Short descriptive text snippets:
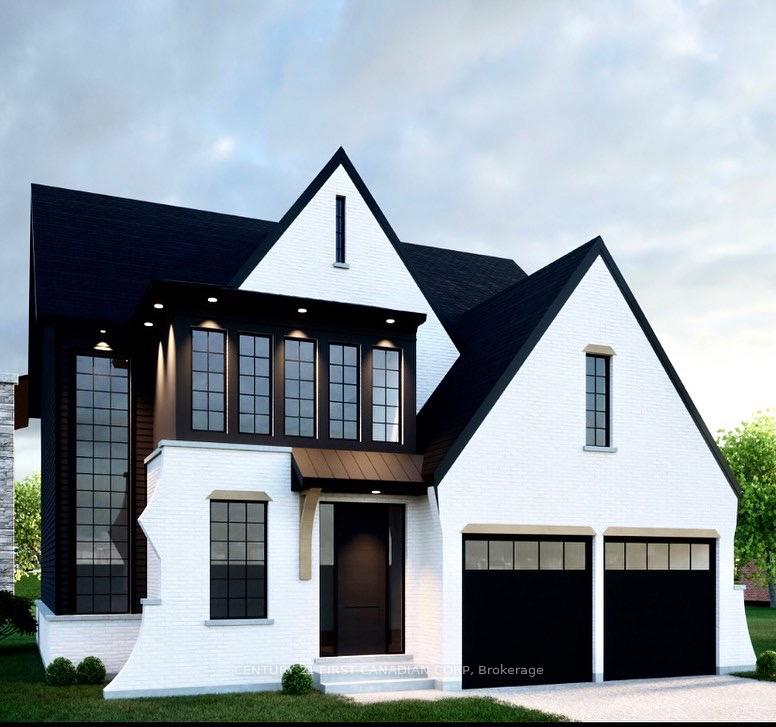 244-foxborough-place-thames-centre-ontario-x12117480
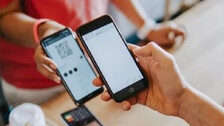 Is UPI down? Google Pay, Phone Pe & major banks suffer massive outage for second time in 30 days; NPCI issues statement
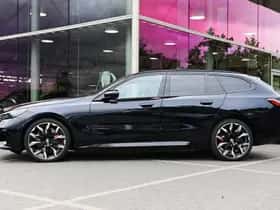 BMW i5 (2026) thumbnail 2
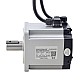Serwosilnik serii T6 750W , 3000rpm, 2,39Nm, 17-bitowy enkoder IP65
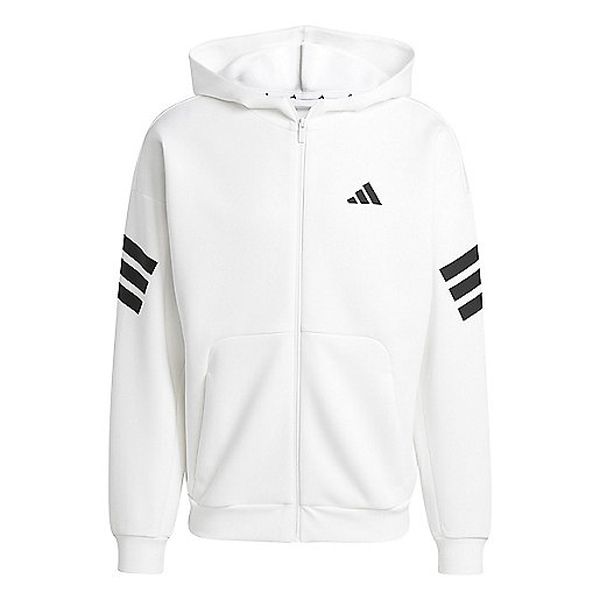 JX5249_KRW_FA?$produit_l$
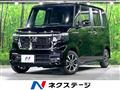 2025 Honda N BOX
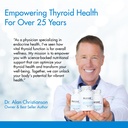 thyrosoothe-dr-formulated-thyroid-suppor-5.jpg
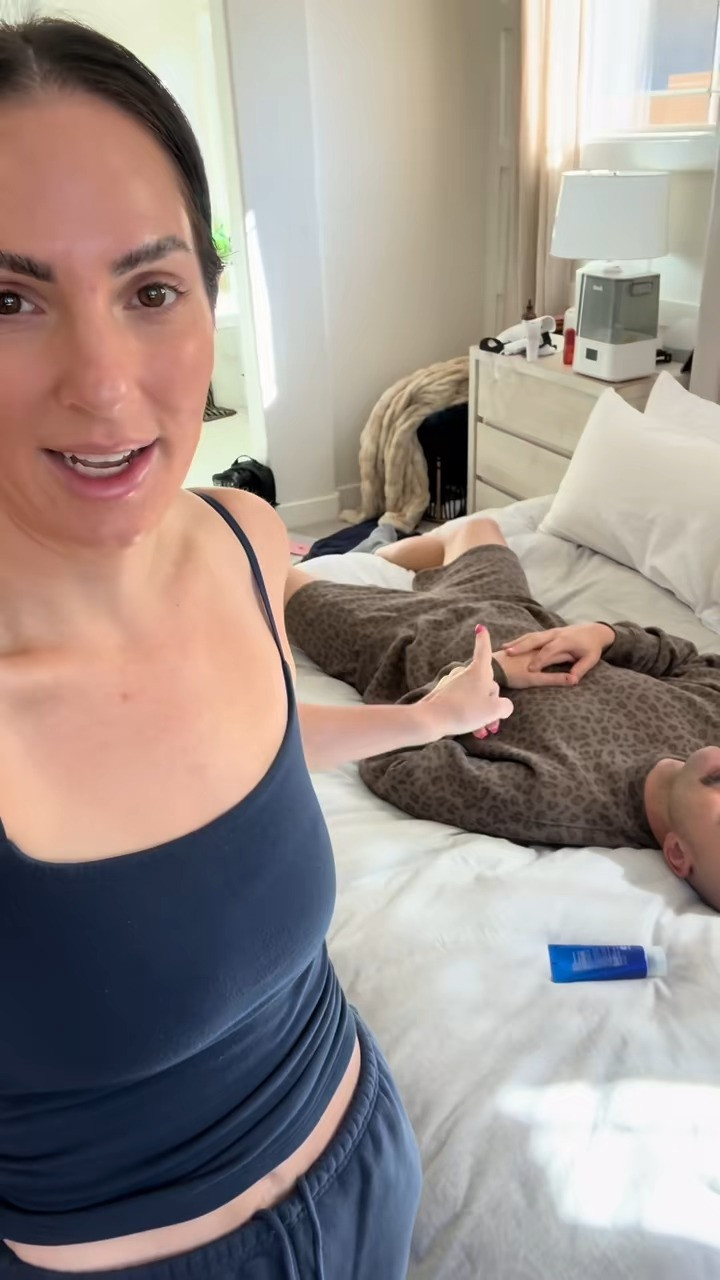 You need this mask! 

 #LTKU #LTKHome #LTKBeauty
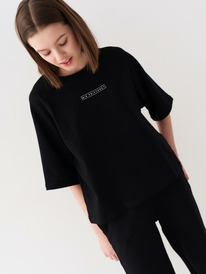 �������� ����������� ��� �������: ������� (��������), �����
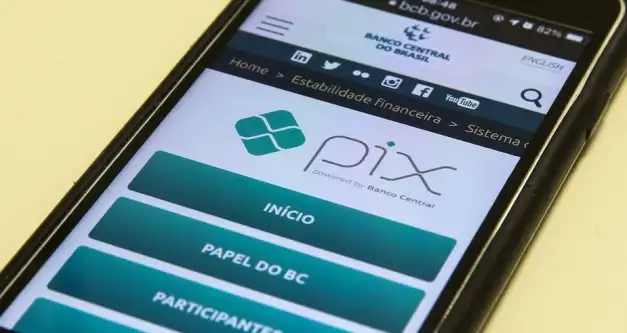 Governo federal anuncia Pix de R$ 5,1 mil para famílias do RS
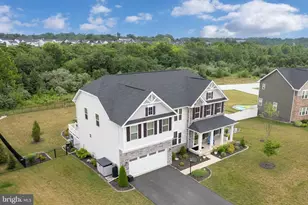 109 Decatur Cir, Stephens City, VA 22655 - Photo 6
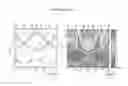 Fig. 04 - Quasicrystalline structures and uses thereof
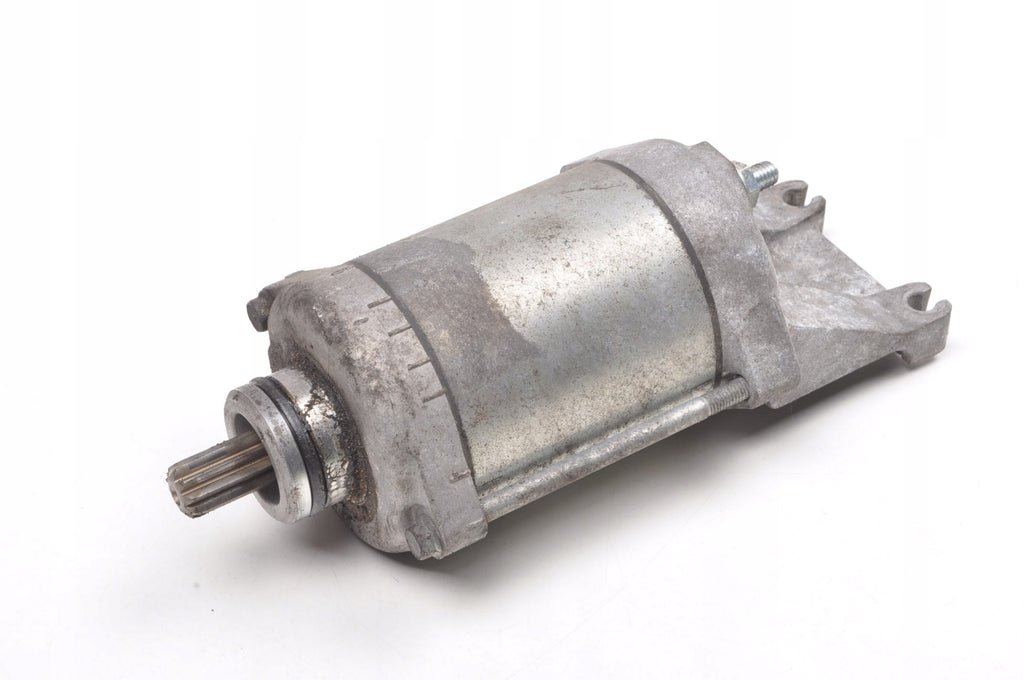 KAWASAKI ER 650 STARTER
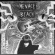Menace Beach - Tennis Court / Lowtalkin' - 7 Menace Beach - Tennis Court / Lowtalkin' - 7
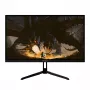 Monitor Arozzi Nova 24 palcov (23,8 palcov) Full HD LED 1920 x 1080
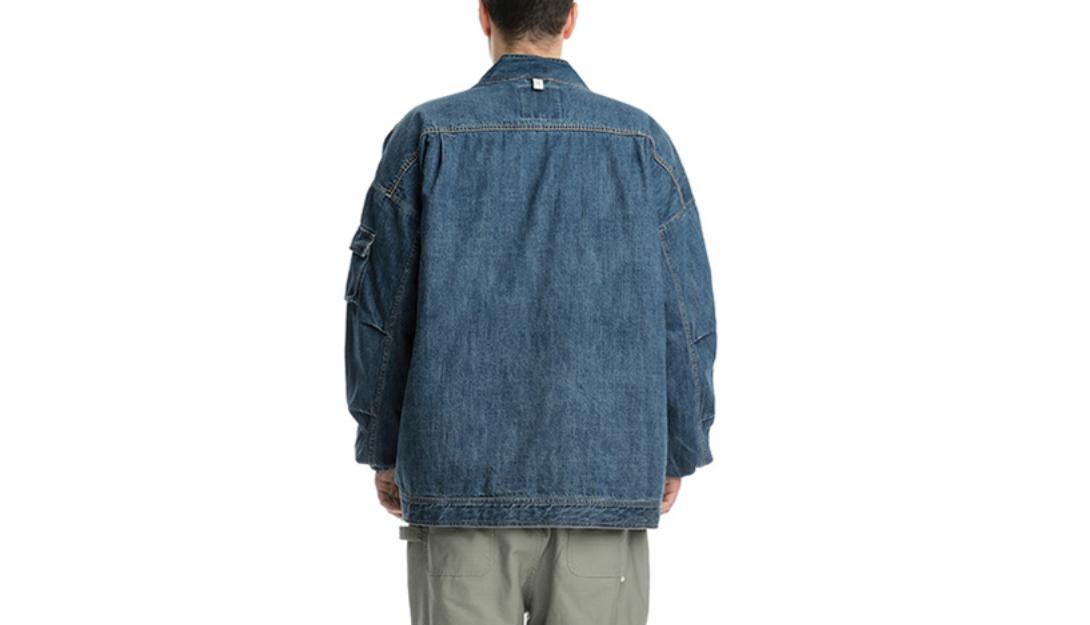 国潮风尚服装,国潮品牌衣服有哪些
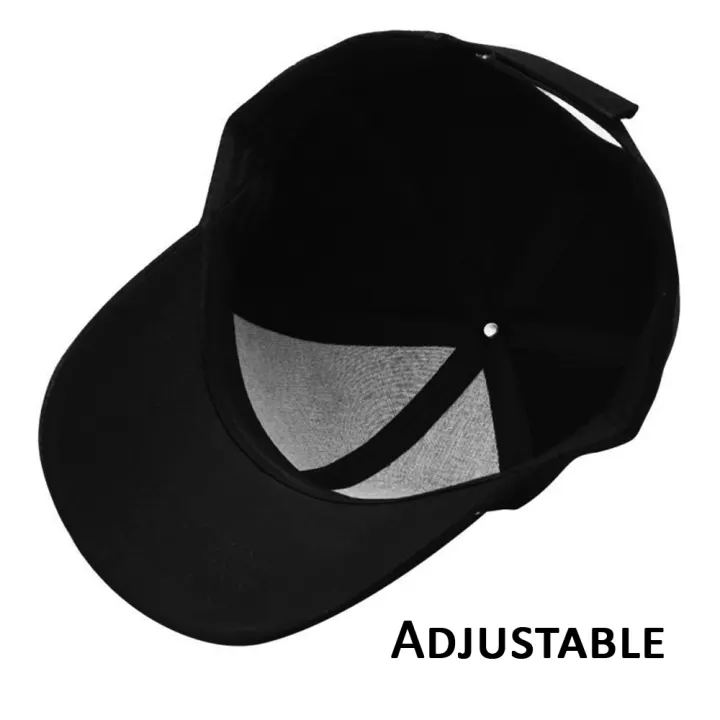 mens strapback caps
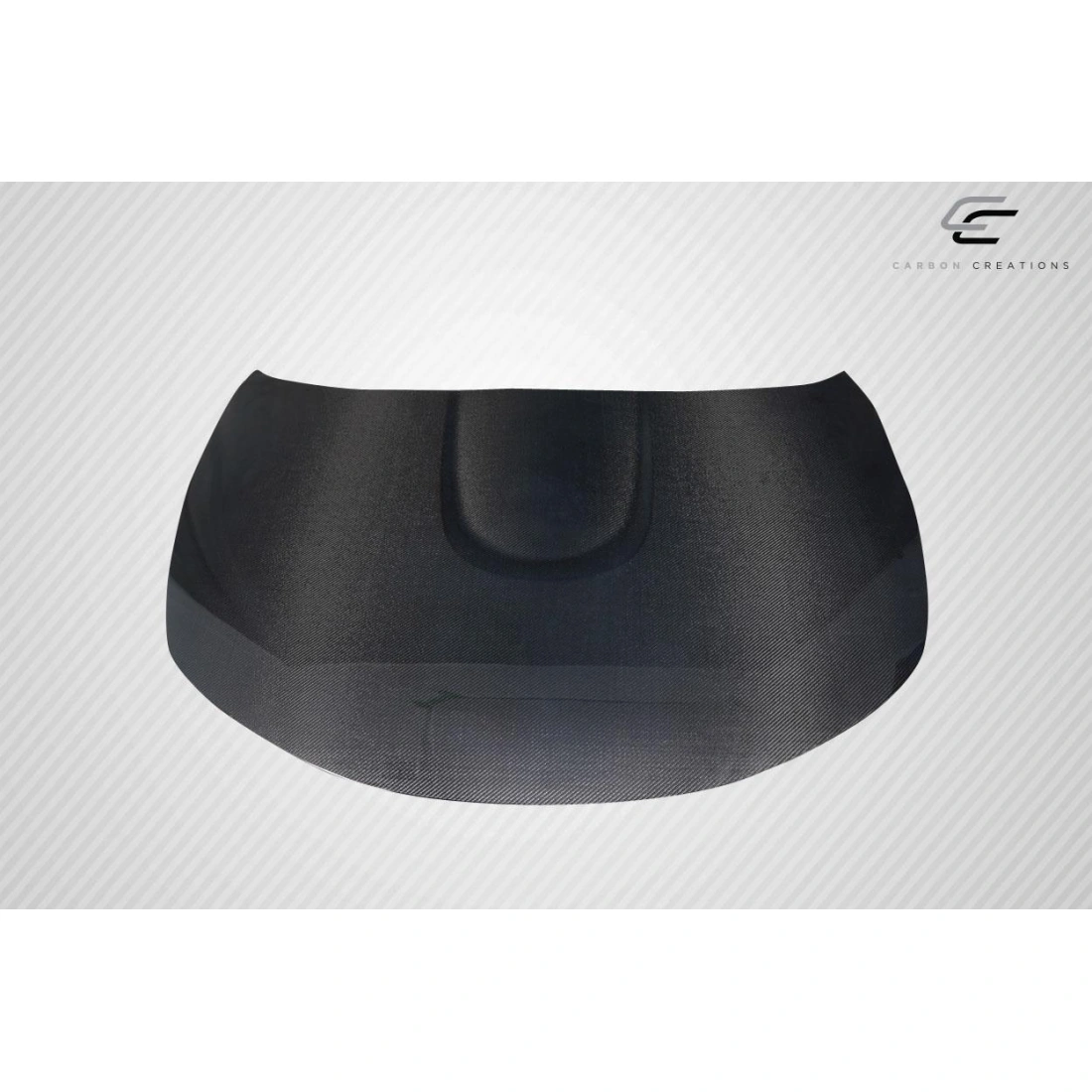 All kind of Exterior/Hoodsfor  Mazda Miata 2006. 4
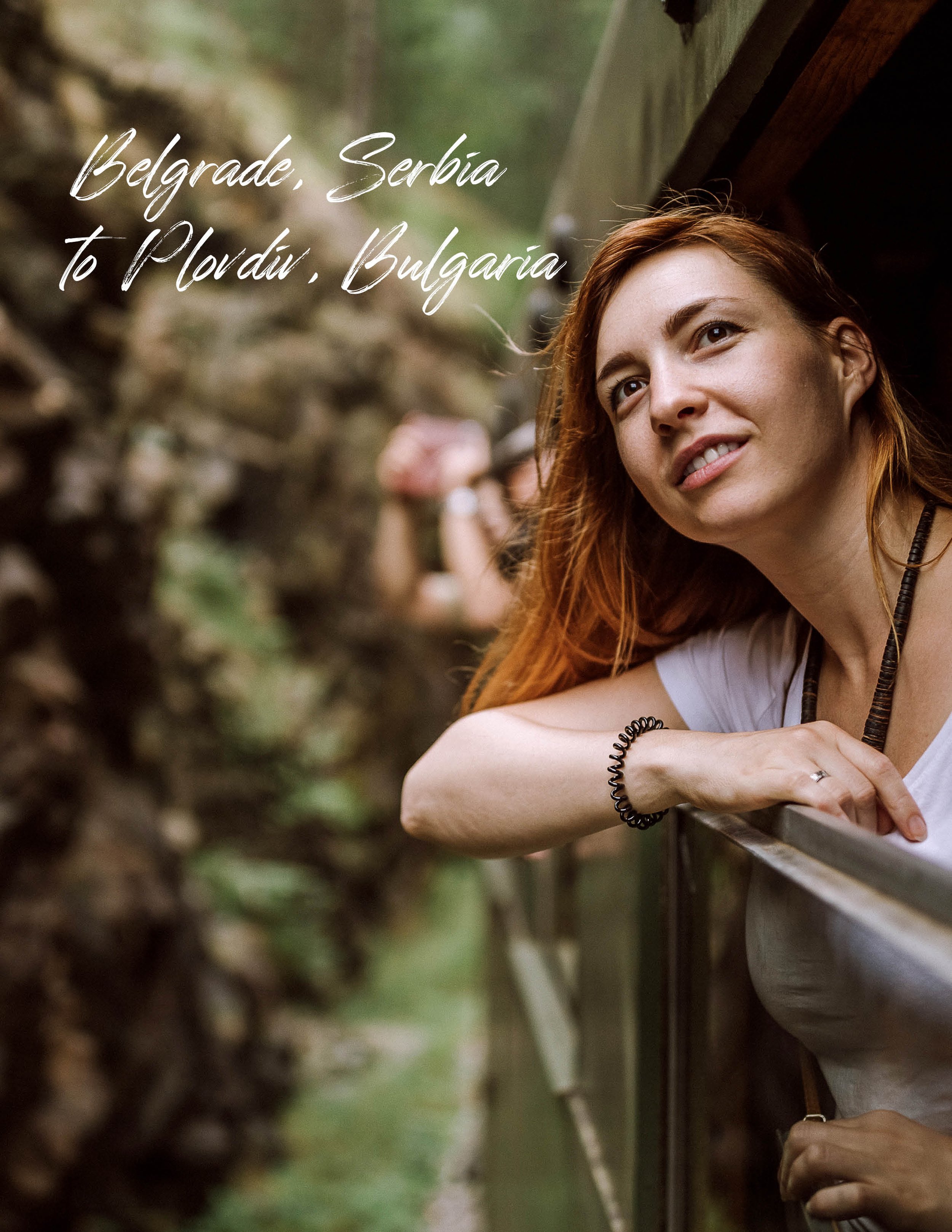 CC226.3008.22 Europe eBook Script13.jpg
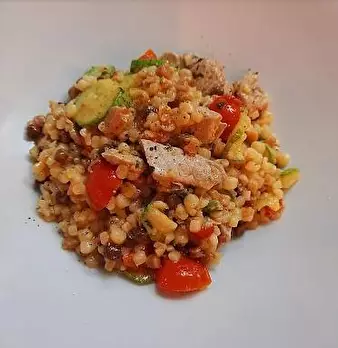 Foto annuncio 2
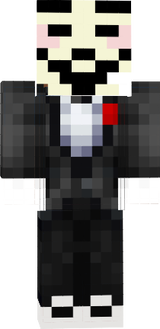trollroni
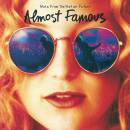 Almost Famous (OST/Filmmusik)
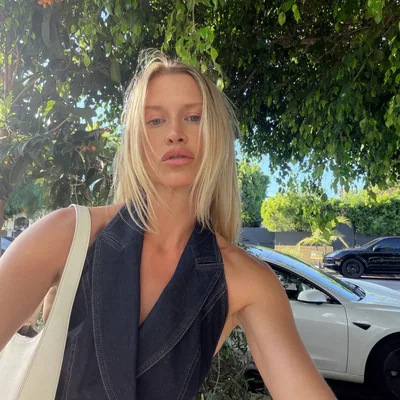 @taylorconzelman profile image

--- Task to carry out ---
Your copy should hold exactly the lines from the one with "Serwosilnik serii T6" through the final line of the records, both ends included, and no pictures.

--- Exercise result ---
Serwosilnik serii T6 750W , 3000rpm, 2,39Nm, 17-bitowy enkoder IP65
 JX5249_KRW_FA?$produit_l$
 2025 Honda N BOX
 thyrosoothe-dr-formulated-thyroid-suppor-5.jpg
 You need this mask! 

 #LTKU #LTKHome #LTKBeauty
 �������� ����������� ��� �������: ������� (��������), �����
 Governo federal anuncia Pix de R$ 5,1 mil para famílias do RS
 109 Decatur Cir, Stephens City, VA 22655 - Photo 6
 Fig. 04 - Quasicrystalline structures and uses thereof
 KAWASAKI ER 650 STARTER
Menace Beach - Tennis Court / Lowtalkin' - 7 Menace Beach - Tennis Court / Lowtalkin' - 7
 Monitor Arozzi Nova 24 palcov (23,8 palcov) Full HD LED 1920 x 1080
 国潮风尚服装,国潮品牌衣服有哪些
 mens strapback caps
 All kind of Exterior/Hoodsfor  Mazda Miata 2006. 4
 CC226.3008.22 Europe eBook Script13.jpg
 Foto annuncio 2
trollroni
 Almost Famous (OST/Filmmusik)
 @taylorconzelman profile image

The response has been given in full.